AIG announced Monday that it had closed on the sale of one of its crown jewels, American Life Insurance Co., or Alico, which operates in more than 50 countries. MetLife purchased the unit for about $16.2 billion, including $7.2 billion in cash and the remainder in MetLife securities.

The deal comes on the heels of AIG’s successful public offering of Asian-based AIA, which raised more than $20 billion. AIA’s stock soared more than 17 percent on its first day of trading last week in Hong Kong.

AIG said Monday that the Alico and AIA transactions combined raised about $36.71 billion, of which $27.71 billion were cash proceeds. Those funds will be used to repay the emergency loans from the Federal Reserve Bank of New York, which stepped in to rescue AIG in September 2008 as it teetered on the edge of bankruptcy. The remaining balance of those loans stands at about $20 billion.

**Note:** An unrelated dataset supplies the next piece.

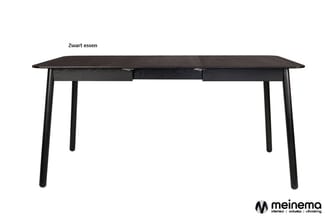 Zwart houten bureau met vier poten en twee laden onder het blad, minimalistische vormgeving.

“We promised the American taxpayers we would repay them and the initial public offering of AIA last week and the completion of the Alico transaction move us closer to delivering on our promise,” AIG chief executive Robert H. Benmosche said in a statement.

After AIG satisfies its debt to the Fed, it must still repay Treasury’s nearly $50 billion investment in the company.

To do that, Treasury plans to swap the preferred shares that it holds in AIG for about 1.7 billion shares of common stock, leaving the federal government with a temporary 92.1 percent

Treasury expects to sell those shares to investors over time, which means AIG’s stock price ultimately will determine how quickly the government can pull out of the company and how much of the taxpayer investment it can recoup. If the stock performs poorly, taxpayers could be on the hook. If the stock flourishes, taxpayers could reap significant profit.

Either way, AIG will emerge as a much smaller company than the behemoth it was before the financial crisis. It also will operate primarily as an insurance company once again, rather than depending on the profits of units such as AIG Financial Products, whose troubled derivatives contracts nearly drove its parent company into the ground, prompting the massive government bailout.